From the perspective of Earth, we can measure the observable universe diameter at current at 93BLY.  I understand this and why/how that is done.  But, it seems that if I got in to a spaceship and left Earth and the immediate area, and increased my speed to, say, 80% the speed of light, then I measured the size of the observable universe from that perspective, I would measure a much smaller observable universe. (Traveling 80% speed of light is purely hypothetical, of course).
I tried to research this much, but cannot find any help to explain why or why not this may happen, leading me to believe that my question is moronic.  So, if anyone can explain the answer to my question, or why the question is in err, that would be great.
My brain says that if I [could] travel at [near] speed of light, my measurements would show a much smaller universe ahead of me, and no universe behind me, too!  Help.

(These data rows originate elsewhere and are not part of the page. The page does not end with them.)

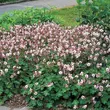 Kép 4/6 - Geranium macrorrhizum 'Ingwersen's Variety' - Illatos gólyaorr (világos rózsaszín)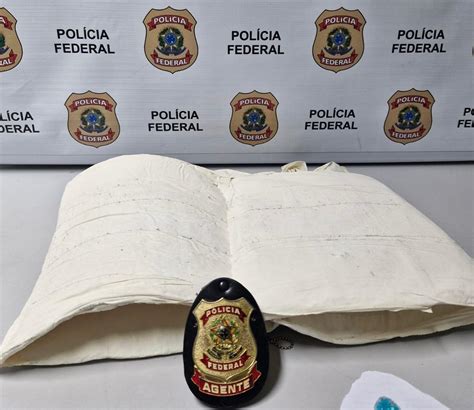 Operação Neolaia Polícia Federal Combate Crimes De Exploração Sexual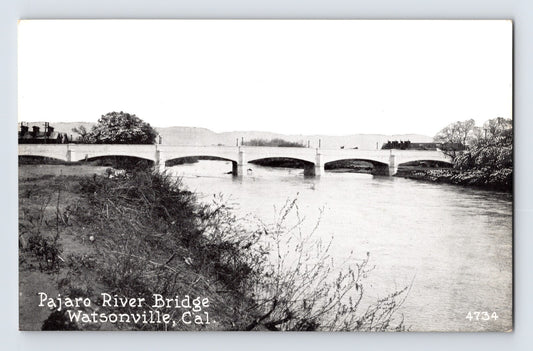 Watsonville California Pajaro River Bridge multi span concrete bridge river view 1910s postcard
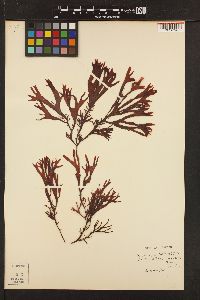Mastocarpus cristatus image
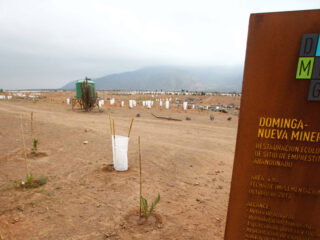 Tribunal Ambiental de Antofagasta solicita informes técnicos al gobierno por proyecto Dominga
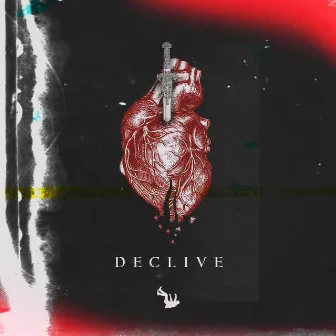 Declive by Loran D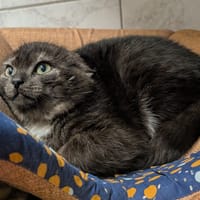 SMOCKY, chat à adopter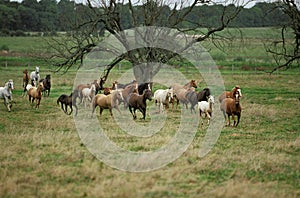 American Saddlebred Horse, Herd Galloping through Meadow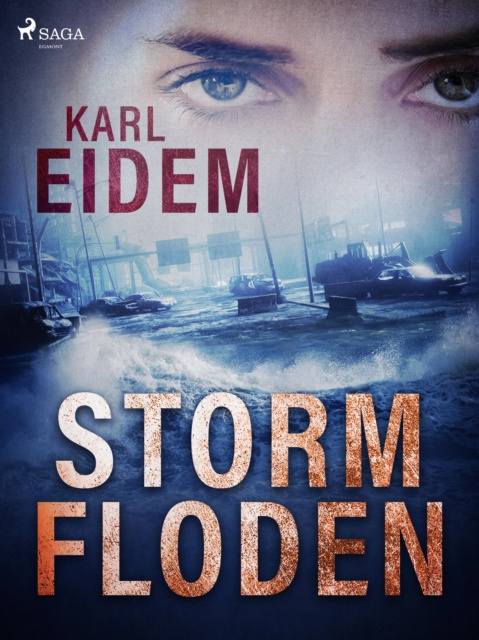 E-knjiga Stormfloden Karl Eidem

 A: Length contraction in special relativity is something that happens when you set up a network of Einstein-synchronized clocks and metersticks, and make measurements when the clocks all show the same time.
The contracted length isn't what you measure if you're moving at a certain speed; it is, rather, what you measure if you use those clocks and metersticks to do the measurement. Introductions to special relativity often assume implicitly that for every person in the universe, at every time, there is an infinite network of clocks and metersticks that are at rest relative to that person, and that person uses those clocks and metersticks for all measurements and not the many others that are apparently also floating around.
In general relativity, it's not even possible in principle to set up Einstein-synchronized clocks at relative rest over a region large enough that spacetime curvature is significant, and the whole universe is obviously such a region.
If you were moving at a high speed (relative to local galaxies) through the universe, you would have the same length and time standards available for measurement as we do, and you would probably end up using the same cosmological coordinates that we do as a result, even though you happen to be moving at a high speed in those coordinates. (We are, in fact, moving at about $600\text{ km/s}$ relative to the cosmological coordinates that we use.)
That's not to say that you won't reach distant points in the universe faster than you'd calculate by naively dividing the distance by $v$. You will. It's just easier to attribute that to time dilation relative to the well defined cosmological coordinates, rather than length contraction relative to a coordinate system that can't obviously be defined at all.
A: If you know how is the distance measured, then you also know it is measured with respect to special inertial observers called comoving.
Special theory of relativity tells us, that no inertial frame of reference has priority a-priori. But some inertial reference frames do have priority if you introduce more structure. For example if you introduce heavy body, then the inertial frame which is at rest with this heavy body becomes preffered.
Similarly, when we introduce cosmological model, it picks special inertial frame of reference and in this frame we do our work. This frame is independent of the observer and is determined purely from structure of our cosmological model, in this case by symmetries of our cosmological model.
So even if you would travel at 80% speed of light relative to Earth, you would still be doing your cosmology research in comoving frame and not in your own and you would determined the same size.
That being said, you can work in your own frame, find out another number, but such number is of smaller use and is thus not used by cosmologists.